A few decisions in this setup are deliberate choices for this project, not universal standards or conventions:
Optional<T>as return type — used more broadly than the Java community consensus, which often restricts it to stream operations. Here it is the default for any method whose result may be absent, except where an interface contract forbids it.MultiMapis a deliberate exception:get(K)returns nullableVto enable concise multi-level chaining (map.get("a").get("b")), withgetOpt(K)as the safeOptional-based alternative. SeeARCHITECTURE.mdfor the rationale.- Three test classes per tested class (
FooTest/BlackBoxTest/WhiteBoxTest) — a stricter separation than most projects use, chosen to keep interface contract tests, implementation contract tests, and internal structure tests fully independent. inverse()returns a copy, not a live view — unlike Guava'sBiMap, by design. See.dev/design/ARCHITECTURE.mdfor the rationale.- Skills as Markdown files in
.dev/skills/— Claude reads these files on demand to follow consistent workflows. Each skill encodes a recurring task (static analysis, JML design, test generation, etc.) as a structured checklist that Claude executes step by step.
| File | Purpose |
|---|---|
.dev/CONTEXT.md |
Entry point — read this first at the start of every session |
.dev/WORKFLOW.md |
Required order of operations for any class creation or modification |
.dev/standards/JAVA_STANDARDS.md |
Coding conventions for all Java in this project |
.dev/backlog/BACKLOG.md |
Pending tasks and known issues, updated each session |
.dev/design/ARCHITECTURE.md |
Key design decisions and rationale for each class |
.dev/design/INVARIANTS.md |
Structural invariants for all data structures |
Skills are Markdown files that encode recurring workflows. Claude reads the relevant skill before starting the corresponding task.

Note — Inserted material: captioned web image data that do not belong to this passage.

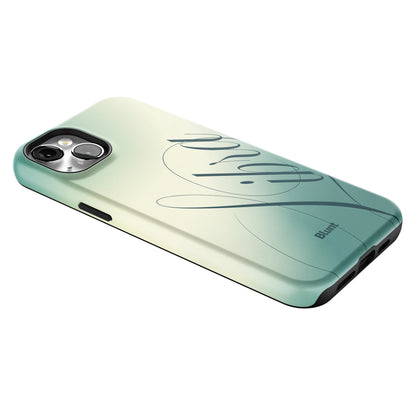 Libra iPhone Case gallery - Iphone_14_Mini_Air_Plus_2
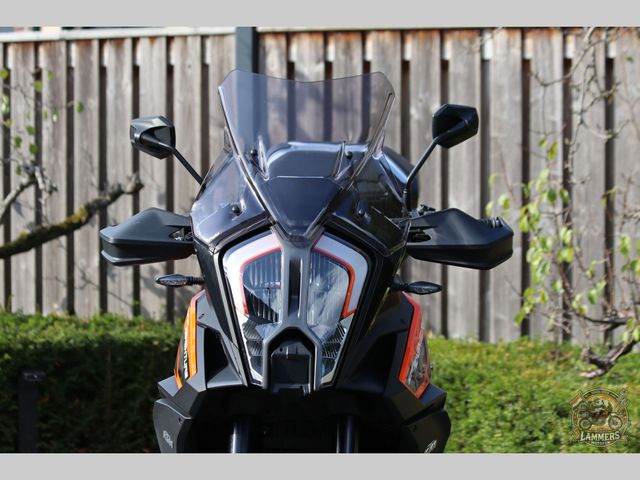 ktm - 1290-super-adventure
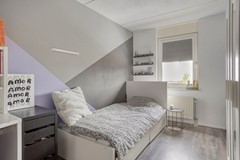 Oosteinde353925laScherpenzeelNL-44.jpg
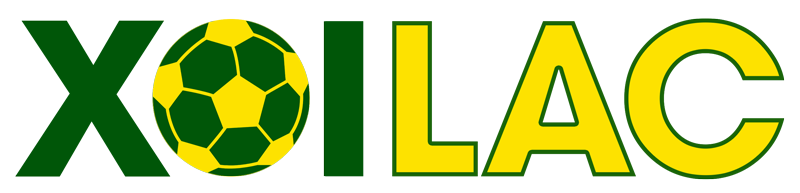 linh ka debut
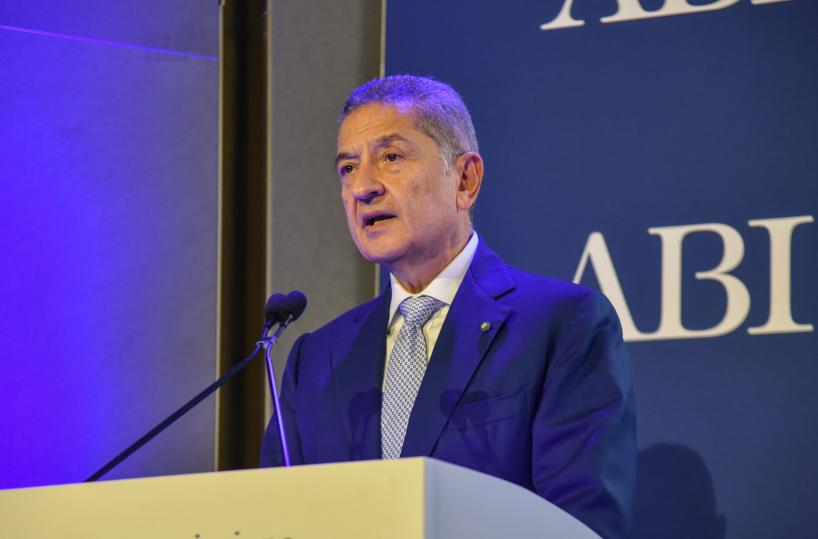 Panetta, tenuta Pil e conti rafforzano fiducia nell'Italia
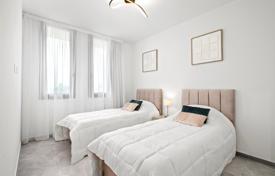 3 dormitorio adosado 137 m² en Larnaca, Chipre. 365 000 €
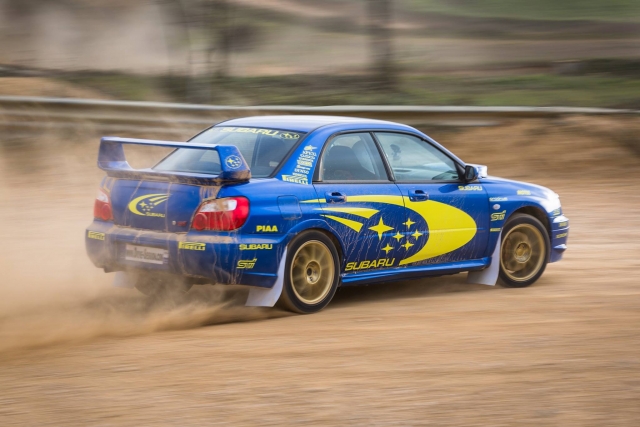  Velocidad de carrera 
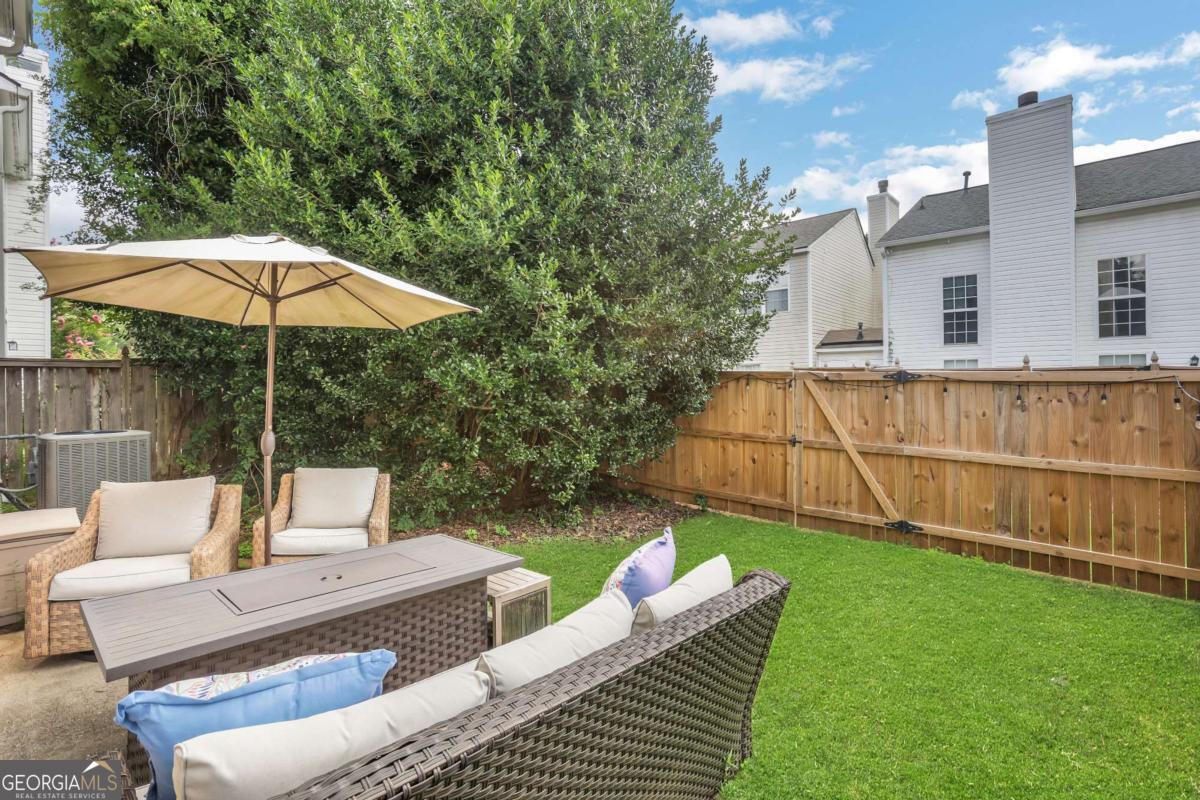90 Regency Road Property Photo 21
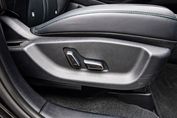 BYD Seal U 1.5 DM-i Boost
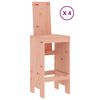 Miniatyrbilde av produktet 3 av 10
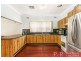 28 Roseview Avenue, Roselands NSW 2196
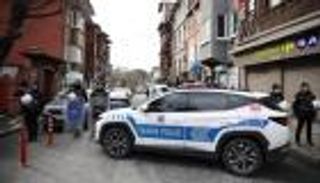 على صلة بهجوم كنيسة سانتا ماريا.. اعتقال 48 «داعشيا» في تركيا
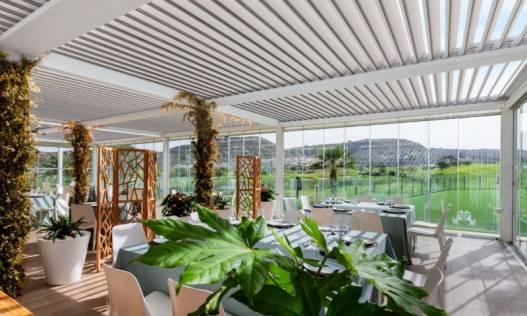 Nieuwbouw - Appartement - Monforte Del Cid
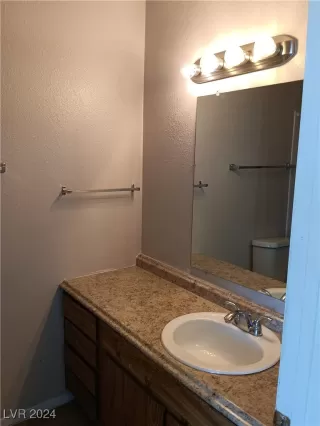 Photo #4: 2638084 Listing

| Skill | File | When it runs |
|---|---|---|
| New class | .dev/skills/new-class/SKILL.md |
When scaffolding a new data structure |
| Refactor class | .dev/skills/refactor-class/SKILL.md |
When refactoring an existing class without changing behaviour |
| Design review | .dev/skills/design-review/SKILL.md |
Before implementing a new class or data structure |
| Static analysis | .dev/skills/static-analysis/SKILL.md |
After every class generation or significant modification |
| Test coverage review | .dev/skills/test-coverage-review/SKILL.md |
After writing tests or when coverage seems insufficient |
| API consistency check | .dev/skills/api-consistency-check/SKILL.md |
After adding public methods or before a release |
| Architecture drift check | .dev/skills/architecture-drift-check/SKILL.md |
After significant refactoring or before a release |
| JML design | .dev/skills/jml-design/SKILL.md |
During step 2 of the workflow — write JML specs (invariants, requires, ensures) before implementation |
| JML test generation | .dev/skills/jml-test-generation/SKILL.md |
After JML contracts are written — derive test cases from specifications |
| JML conformance check | .dev/skills/jml-conformance-check/SKILL.md |
Verify implementation conforms to JML specs (direction: JML → code) |
| JML completeness check | .dev/skills/jml-completeness-check/SKILL.md |
Verify JML specs are complete w.r.t. implementation (direction: code → JML) |
| Update backlog | .dev/skills/update-backlog/SKILL.md |
At the end of every session |
| Update README | .dev/skills/update-readme/SKILL.md |
When the public API or roadmap changes, and at end of session |
This project is developed with Claude Code (JetBrains plugin) as the
primary coding agent. Claude Code has direct access to the filesystem and
reads the .dev/ context files automatically at the start of each session.
If working in a browser-based Claude session instead, ask Claude to read
.dev/CONTEXT.md first. This gives Claude the full picture: coding standards,
pending tasks, and design decisions.
Skills trigger automatically when Claude recognises the context (e.g. end of session, new class being created). You can also trigger any skill explicitly:
Run the static-analysis skill on SymmetricMap.
We're done for today — run update-backlog and update-readme.